Cameron’s new ban on mixed-sex wards after a long Daily Mail campaign has made matters far worse. He boasts that mixed-sex wards are now virtually gone. Carol’s hospital trust boasts the same on its front page. She says: “Take rheumatology. People come in for one day for injections for pain, with a session once a month. Now it has to be men one month, women the next. Sometimes there might be just four men, say, and the other places are wasted. Many have to wait two months not one month now.” This is what happens when political gimmickry is put before health need.

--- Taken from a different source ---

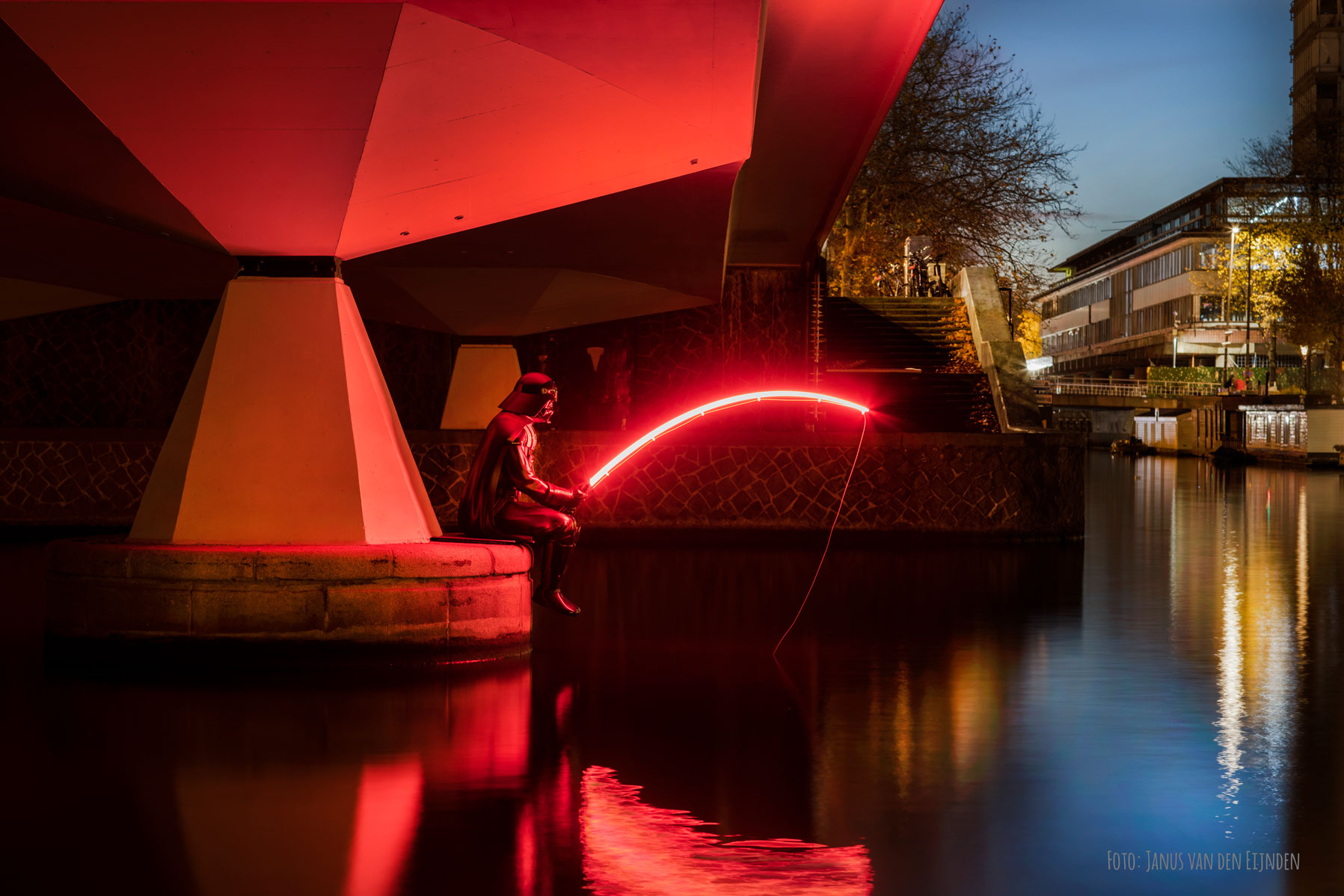 Darth Fisher Amsterdam Light Festival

When Labour was driving down waiting times, there were similar stories of gaming and tricks: some A&E departments roped off corners and called them “wards” to keep within a four-hour trolley wait. “There was a bit of it then,” Carol says, “but nothing, absolutely nothing, like what’s happening now. I started in the early 1990s when there were two-year-long waits, and I’ve seen them drop so fast in the past 10 years. Now managers are deciding lots of patients are ‘not in clinical need’. But a builder who can’t work waiting for a hernia operation is in need, isn’t he?”
Carol was so shocked she walked away after registering her complaint. In her last weeks she was allowed not to phone her own 18-week waiters and cancel their operations – but, she says, “everyone else still had to do it”. “Clinical need is forgotten. It’s all about managing the figures now.”

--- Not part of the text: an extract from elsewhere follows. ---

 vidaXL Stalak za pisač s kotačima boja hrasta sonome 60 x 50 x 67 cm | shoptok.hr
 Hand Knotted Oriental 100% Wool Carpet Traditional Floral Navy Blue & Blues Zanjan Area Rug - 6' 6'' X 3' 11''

Professor John Appleby of the King’s Fund health thinktank says he hears of waiting-list cheating from many hospitals and will suggest the National Audit Office investigates. The government on Monday claimed credit for figures showing A&E use is falling due to better GP commissioning. Appleby says it has nothing to do with a GP system not yet in place: the last government began fining A&Es treating too many people, so hospitals now channel more patients straight into annexed GP clinics – good practice, but nonsense figures.

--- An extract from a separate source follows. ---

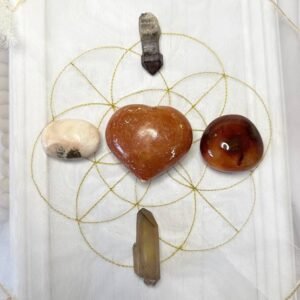 Flower of Life Crystal Grid Cloth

Targets always tempt statistical massaging, but the extremity of this cheating means no waiting-list figures can be trusted. As the NHS enters a period of austerity that the former health secretary Stephen Dorrell says no other OECD health system has tried, honesty is essential. Doctors and managers do their best, but if asked the impossible they must say so openly and transparently. Voters deserve to know the truth. So, whistleblowers, please get in touch.